• _TASK DETAILS_: A copy of the listing below is needed, exact in every line and without images.

-- DATA LISTING follows --

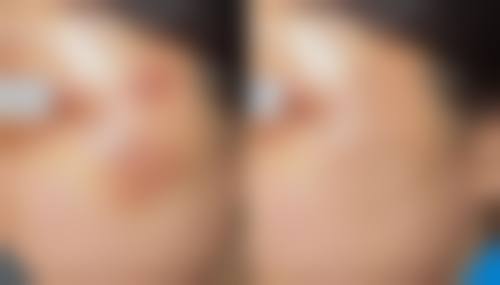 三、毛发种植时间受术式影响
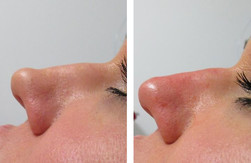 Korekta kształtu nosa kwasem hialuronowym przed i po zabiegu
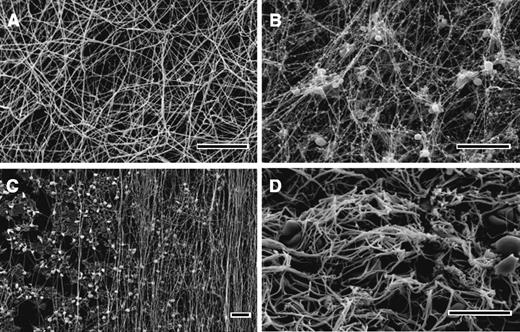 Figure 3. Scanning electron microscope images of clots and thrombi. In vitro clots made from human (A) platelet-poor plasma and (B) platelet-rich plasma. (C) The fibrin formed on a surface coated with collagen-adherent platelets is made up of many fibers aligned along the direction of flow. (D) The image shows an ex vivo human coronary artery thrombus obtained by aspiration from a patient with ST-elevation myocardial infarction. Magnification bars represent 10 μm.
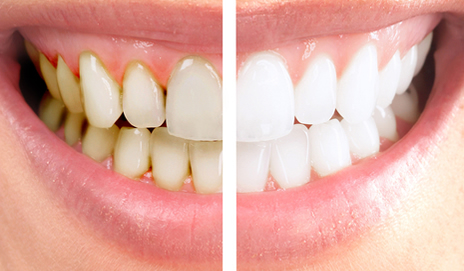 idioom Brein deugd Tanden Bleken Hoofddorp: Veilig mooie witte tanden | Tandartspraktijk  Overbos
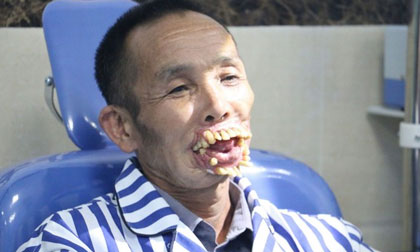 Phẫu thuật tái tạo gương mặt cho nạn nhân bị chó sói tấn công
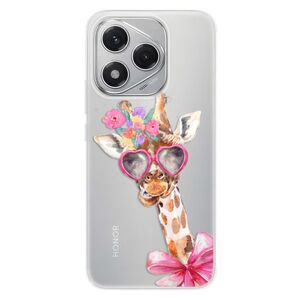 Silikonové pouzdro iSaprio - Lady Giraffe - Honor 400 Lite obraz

-- DATA LISTING concluded --

• _TASK RESULT_:
 三、毛发种植时间受术式影响
 Korekta kształtu nosa kwasem hialuronowym przed i po zabiegu
 Figure 3. Scanning electron microscope images of clots and thrombi. In vitro clots made from human (A) platelet-poor plasma and (B) platelet-rich plasma. (C) The fibrin formed on a surface coated with collagen-adherent platelets is made up of many fibers aligned along the direction of flow. (D) The image shows an ex vivo human coronary artery thrombus obtained by aspiration from a patient with ST-elevation myocardial infarction. Magnification bars represent 10 μm.
 idioom Brein deugd Tanden Bleken Hoofddorp: Veilig mooie witte tanden | Tandartspraktijk  Overbos
 Phẫu thuật tái tạo gương mặt cho nạn nhân bị chó sói tấn công
 Silikonové pouzdro iSaprio - Lady Giraffe - Honor 400 Lite obraz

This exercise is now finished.